Le 29 juillet 2020, le Bureau de la concurrence du Canada (le « Bureau ») a publié une version préliminaire des Lignes directrices sur la collaboration entre concurrents (l’« ébauche de lignes directrices ») aux fins d’une consultation publique. L’ébauche de lignes directrices vise à aider les entreprises à évaluer si une collaboration entre concurrents ou entre concurrents éventuels peut susciter des inquiétudes en vertu des dispositions criminelles ou civiles de la Loi sur la concurrence (la « Loi »). Selon le Bureau, les modifications proposées constituent des mises à jour « mineures » de ses lignes directrices de 2009. Ces mises à jour comprennent un certain nombre de modifications proposées, signalant un pouvoir discrétionnaire plus étendu pour le Bureau en matière d’application de la loi. Les modifications les plus notables sont résumées ci-après.

  • Les clauses de non-concurrence sont susceptibles de faire l’objet d’un examen plus étendu. Dans leur version actuelle, les lignes directrices indiquent que les clauses de non-concurrence des conventions de fusion seraient examinées en vertu des dispositions relatives à l’examen des fusions de la Loi. Toutefois, l’ébauche de lignes directrices précise maintenant que lorsqu’une telle clause constitue une « restriction pure et simple » (et non une clause restrictive accessoire), elle pourrait être examinée séparément sous la loupe des dispositions criminelles ou civiles de la Loi portant sur la collaboration entre concurrents.
  • Les offres présentées par un consortium sont susceptibles de faire l’objet d’un examen en vertu d’une disposition civile. Les offres présentées par un consortium peuvent faire l’objet d’un examen en vertu de la disposition civile relative à la collaboration entre concurrents si elles ont pour effet d'empêcher ou de diminuer sensiblement la concurrence, même si la partie ayant sollicité les offres a été mise au courant de l’existence du consortium, comme l’exigent les dispositions criminelles relatives au truquage des offres.
  • Les accords d’achats groupés ne sont pas complètement décriminalisés.
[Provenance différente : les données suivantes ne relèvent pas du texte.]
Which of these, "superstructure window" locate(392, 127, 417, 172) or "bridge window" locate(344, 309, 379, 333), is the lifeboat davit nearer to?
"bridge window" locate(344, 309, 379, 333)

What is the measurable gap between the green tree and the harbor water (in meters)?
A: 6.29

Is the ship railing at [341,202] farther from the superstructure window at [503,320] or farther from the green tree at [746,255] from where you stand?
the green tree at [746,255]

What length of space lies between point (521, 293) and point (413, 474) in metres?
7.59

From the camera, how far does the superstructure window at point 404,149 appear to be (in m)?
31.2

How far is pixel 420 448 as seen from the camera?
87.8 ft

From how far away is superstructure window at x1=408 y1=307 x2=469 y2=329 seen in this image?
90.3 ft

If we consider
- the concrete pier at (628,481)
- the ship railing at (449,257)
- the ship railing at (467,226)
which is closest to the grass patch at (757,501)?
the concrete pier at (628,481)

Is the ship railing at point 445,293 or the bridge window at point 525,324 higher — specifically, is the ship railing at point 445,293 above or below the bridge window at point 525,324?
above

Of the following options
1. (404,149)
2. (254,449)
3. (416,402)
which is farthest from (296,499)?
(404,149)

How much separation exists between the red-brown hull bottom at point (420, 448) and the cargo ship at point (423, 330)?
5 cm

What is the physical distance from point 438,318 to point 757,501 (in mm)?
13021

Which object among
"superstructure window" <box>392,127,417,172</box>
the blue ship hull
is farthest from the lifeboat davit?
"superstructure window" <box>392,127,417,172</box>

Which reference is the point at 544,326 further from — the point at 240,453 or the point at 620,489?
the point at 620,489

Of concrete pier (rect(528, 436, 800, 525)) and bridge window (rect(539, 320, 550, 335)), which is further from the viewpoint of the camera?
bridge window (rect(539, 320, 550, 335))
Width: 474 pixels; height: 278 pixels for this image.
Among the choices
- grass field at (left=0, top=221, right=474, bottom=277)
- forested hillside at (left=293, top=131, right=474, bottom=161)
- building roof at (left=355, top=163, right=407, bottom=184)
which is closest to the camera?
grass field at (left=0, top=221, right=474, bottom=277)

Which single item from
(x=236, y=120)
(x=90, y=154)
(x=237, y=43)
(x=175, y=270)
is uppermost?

Les accords d’achats groupés peuvent toujours contrevenir aux dispositions criminelles de la Loi s’ils ont pour objet de contrôler ou de fixer les prix ou la production, ou encore d'attribuer des marchés quant à la fourniture d’un produit (en aval).
  • L’interprétation de l’article 90.1 est élargie. L’ébauche de lignes directrices indique qu’un accord entre des parties peut être sujet à un examen aux termes de l’article 90.1 si les parties sont des concurrents à l’égard de quelque produit que ce soit, même si le produit concerné ne fait l’objet d’aucune collaboration.
  • La défense fondée sur les restrictions accessoires est plus limitée. L’ébauche de lignes directrices propose des modifications visant à préciser clairement que les déclarations ou les affirmations des parties, portant par exemple sur un accord de recherche et développement et selon lesquelles les activités de recherche et développement n’auraient pas été entreprises en l’absence de cet accord, ne sont pas suffisantes en soi pour établir ce moyen de défense.

Le Bureau invite les parties intéressées à transmettre leurs commentaires au sujet de l’ébauche de lignes directrices au plus tard le 28 septembre 2020.

Si vous souhaitez soumettre des commentaires sur l’ébauche de lignes directrices ou avez des questions, n’hésitez pas à vous adresser à l’avocat de Blakes avec lequel vous communiquez habituellement ou à un membre de nos groupes Concurrence et antitrust et Investissement étranger .

Le 30 juillet 2020, le Bureau a annoncé une étude sur le marché des soins de santé au Canada axée sur la façon de soutenir les services de santé numériques grâce à des politiques favorisant la concurrence. Le Bureau invite les parties intéressées à transmettre leurs commentaires sur la question au plus tard le 27 septembre 2020.